• _Activity_
Leave out pictures; repeat exactly the lines from the "كلبس مطور بني غامق استريت" line through the last of the data below.

─── Data block ───

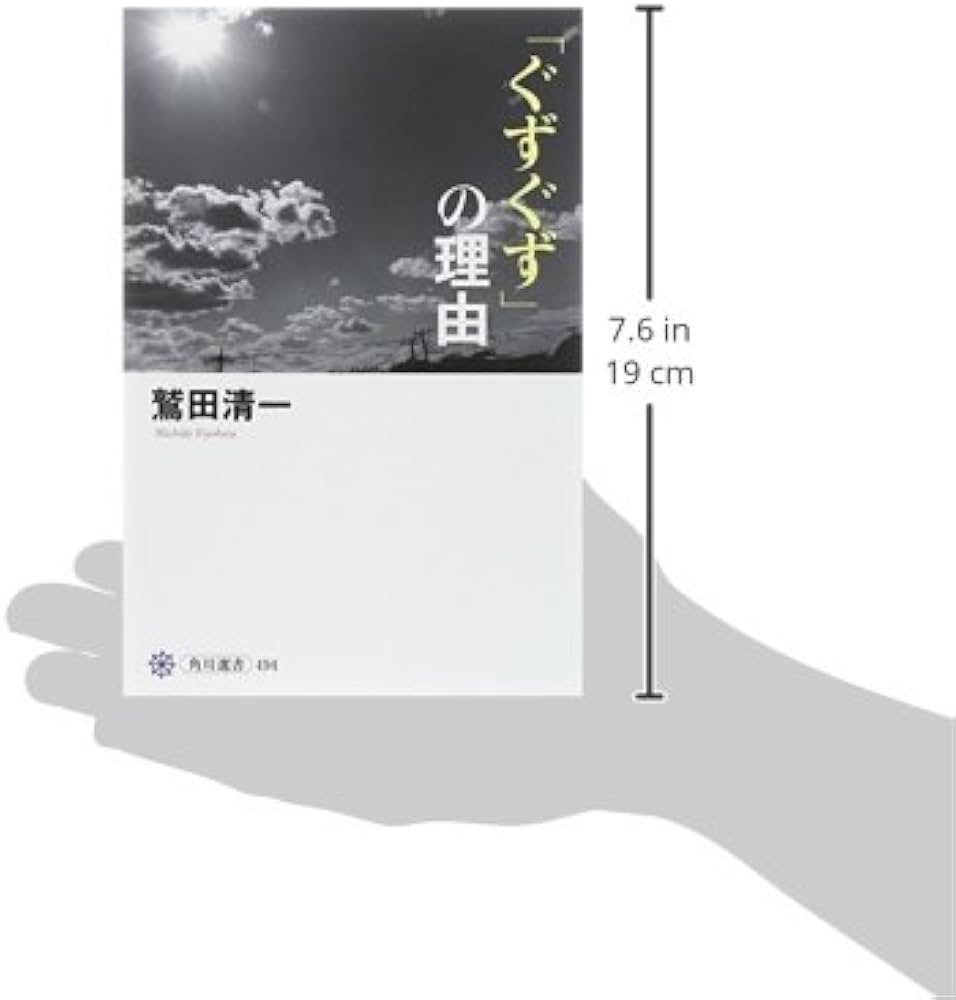 グズほどなぜか忙しい Amazon.co.jp: グズほどなぜか忙しい! : 杉山 崇: 本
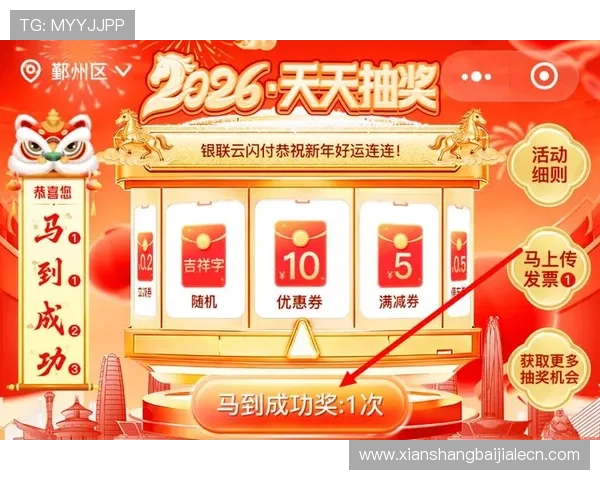 AG视讯官方网站提供的最新优惠活动和丰富游戏资源全面介绍，助你轻松赢取大奖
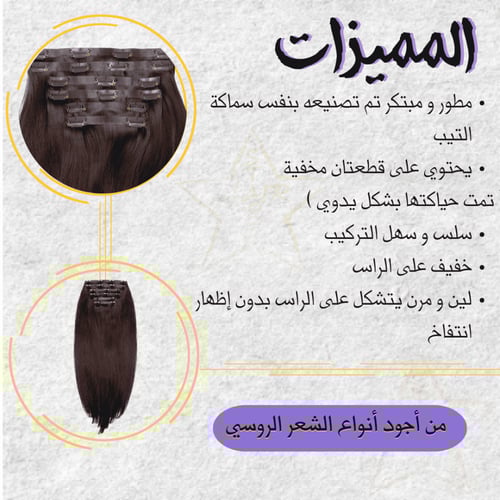 كلبس مطور بني غامق استريت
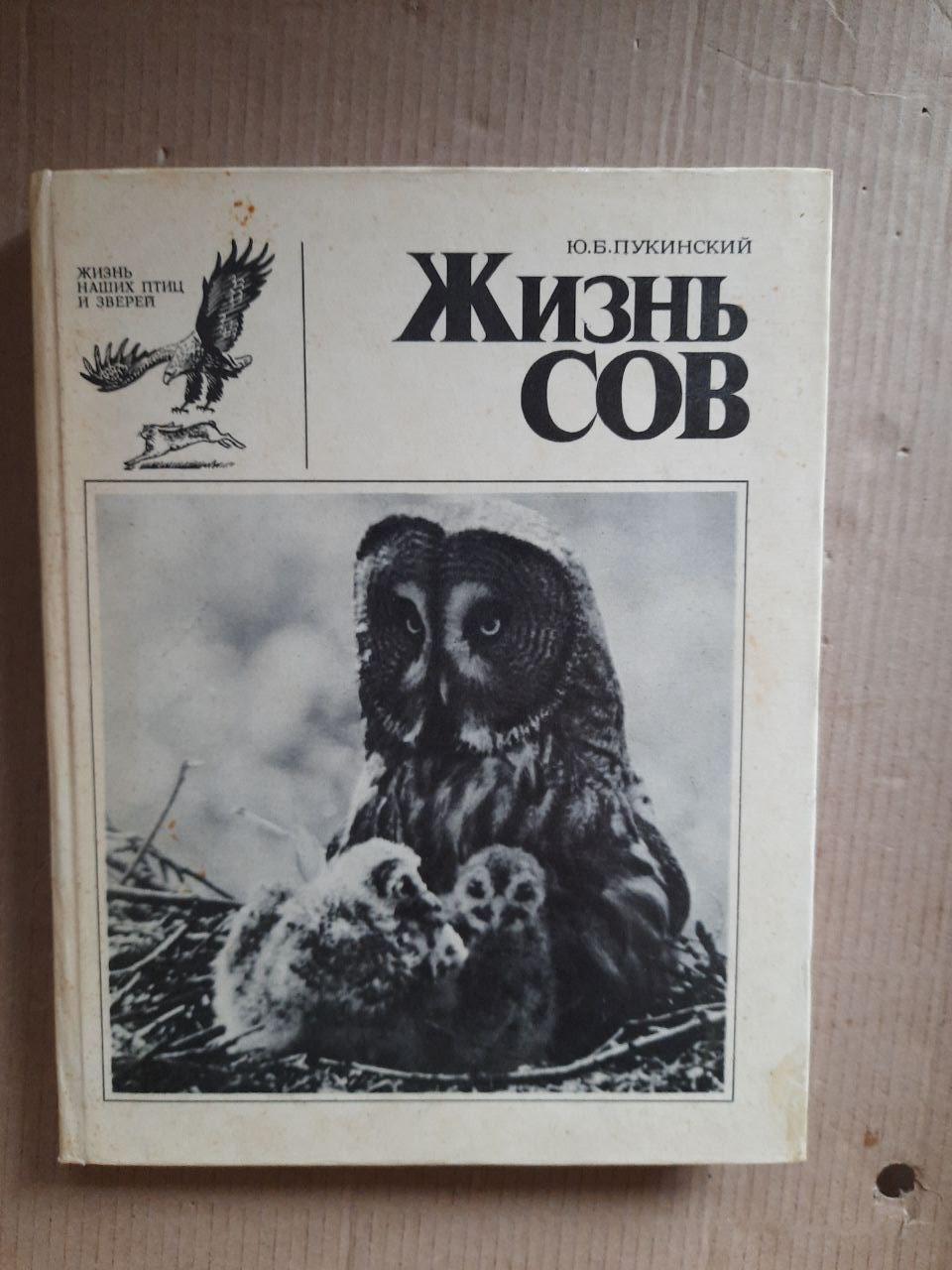Жизнь сов. Ю. Б. Пукинский. 1977 год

───

• _The answer_
 كلبس مطور بني غامق استريت
Жизнь сов. Ю. Б. Пукинский. 1977 год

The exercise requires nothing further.